Document Similarity Metric Learning Task
Jump to navigation
Jump to search
A Document Similarity Metric Learning Task is a similarity metric learning task to learn a document similarity scoring model (that can assess the semantic similarity between two or more text documents).
- Context:
- Task Input: Paired or grouped text documents as training data (e.g. similar document pairs, dissimilar pairs).
- Task Output: A document similarity scoring model that can quantify the semantic similarity between new documents.
- It focuses on modeling semantic similarity rather than just lexical overlap.
- It can rely on few document pairs as training data unlike supervised classifiers.
- It has applications in search, recommendation, duplicate detection etc.
- The model can generalize to new unseen documents based on learned notions of similarity.
- Performance is evaluated by correlation of model scores with human judgments of similarity.
- Phrase-based approaches may outperform word-overlap methods.
- Information-theoretic metrics can also be used as document similarity measures.
- …
- Example(s):
- A Scientific Paper Similarity Metric Learning Task to learn a scientific paper similarity scoring model, for example based on citations between papers.

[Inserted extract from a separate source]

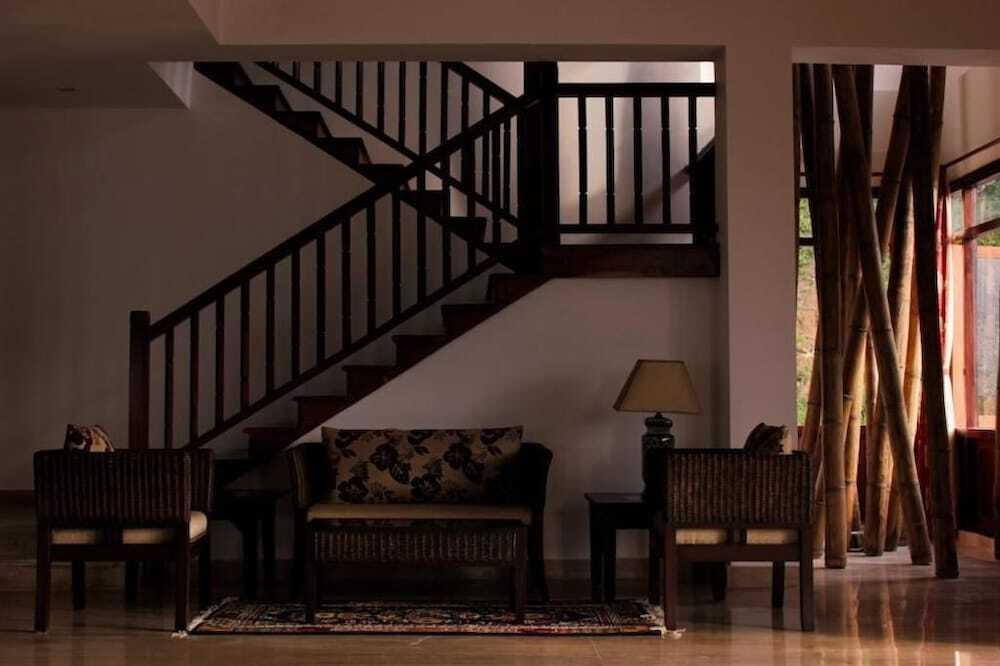 Пеллинг: The Chumbi Mountain Retreat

- A Legal Document Similarity Metric Learning Task to learn a legal document similarity model, for example based on relevant vs non-relevant document pairs.
- A Paraphrase Detection Similarity Metric Learning Task to learn a paraphrase detection model, for example based on original vs paraphrased document pairs.

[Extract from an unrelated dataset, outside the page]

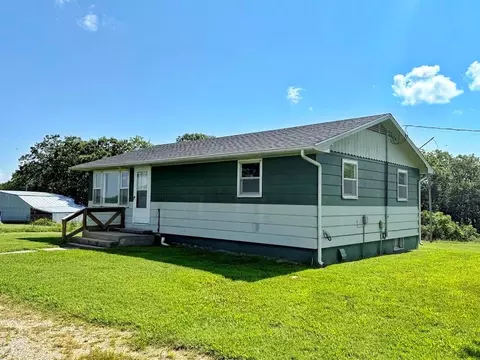 2025 S 363 Rd, El Dorado Springs, MO 64744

- A Resume Screening Similarity Metric Learning Task to learn a resume screening model, for example based on job description-resume pairs.
- A Duplicate Bug Report Detection Task to learn a duplicate bug report scoring model, for example based on duplicate vs non-duplicate bug report pairs.
- A News Article Similarity Metric Learning Task to learn a news article similarity model, for example based on articles covering the same event.
- A Patient Record Similarity Metric Learning Task to learn a patient record similarity model, for example based on related vs unrelated medical records.
- A Source Code Similarity Metric Learning Task to learn a source code similarity model, for example based on related vs unrelated code snippet pairs.
- A Sentence Similarity Metric Learning Task to learn a sentence similarity scoring model, for example based on original sentence pairs.
- …
- Counter-Example(s):
- Text Classification Task - predicts categories rather than similarity.
- Text Generation Task - generates text rather than assessing similarity.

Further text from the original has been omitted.